One of the most common excuses I hear from small businesses who aren’t taking advantage of online marketing is the fear that a smaller local business can’t compete with the big names you frequently see at the top of the search results. It is such a prevalent concern that Google’s head of search spam, Matt Cutts finally had to address it in one of his frequent Webmaster Help videos.
Specifically, Cutts was asked:
How can smaller sites with superior content ever rank over sites with superior traffic? It’s a vicious circle: A regional or brick-and-mortar brand has higher traffic, leads to a higher rank, which leads to higher traffic, ad infinitum.
Thankfully, the notion that bigger brands automatically can leverage traffic to maintain high visibility is (mostly) false, as Cutts explains. In many ways, search engines are one of the great equalizers, in that they theoretically rank all sites the same way.
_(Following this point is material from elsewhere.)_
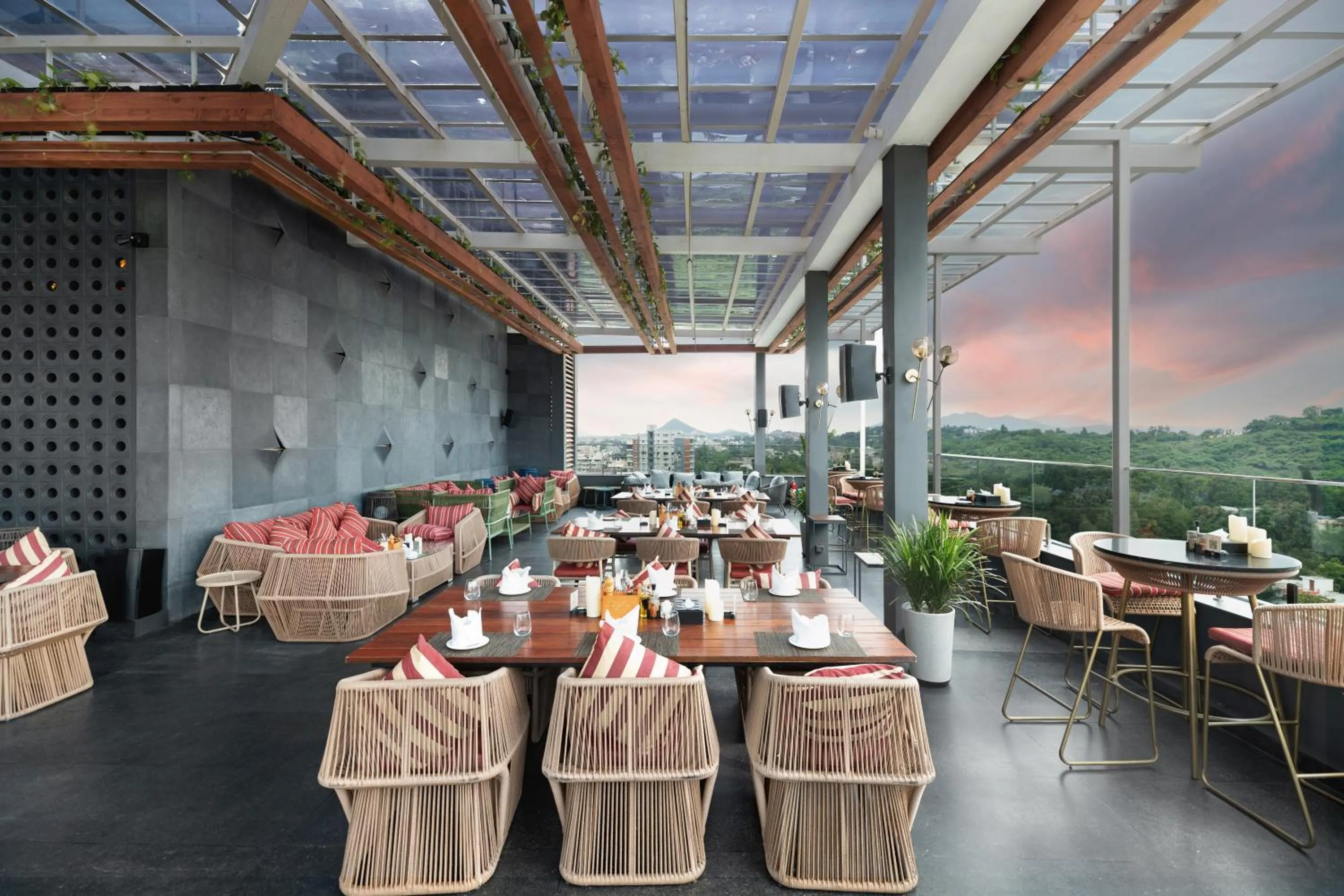 Restaurant/places to eat in Parallel Hotel Udaipur, a member of Radisson Individuals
Big brands are held up to the same standards as smaller or more local businesses.
I would wager Cutts specifically chose this question as it is worded in a way that allows for the most optimistic answer. Cutts is absolutely right when he says that smaller sites with superior content can quite possibly overtake their more recognizable competition. When businesses get to a certain size, they can become lumbering and sluggish, which makes it much easier for a more agile brand invested in their online presence to perform higher.
The larger brand may still get more traffic, but you can steal their spot in the rankings by getting real engagement and interest in your content.
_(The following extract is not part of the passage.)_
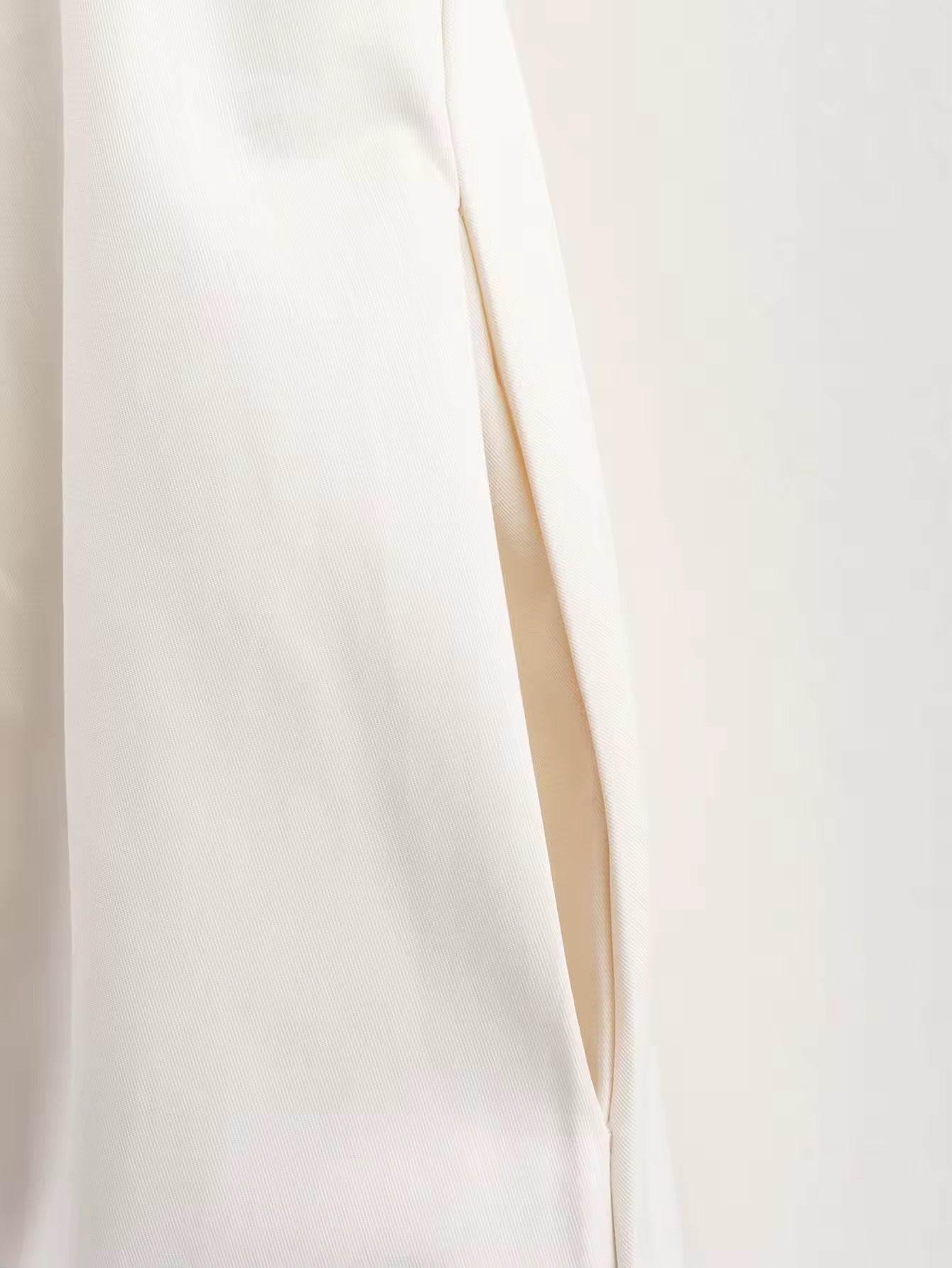 ZIPPER SLEEVELESS MAXI DRESS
The real trick is finding your niche. While Cutts’ answer prides content quality and performance over all others, he forgets to mention that some brands may be able to outperform you in many markets. The big brands may be large and encumbered, but they also have the resources to put up a good fight for online visibility, which a small brand with less resources may not win across the board.
However, if you can find your niche, you don’t have to worry about outperforming the well-funded giant in every aspect. You just have to beat them in your one special area. If you have your niche covered well, you’ll be able to grow into other niches until you gradually become a giant too.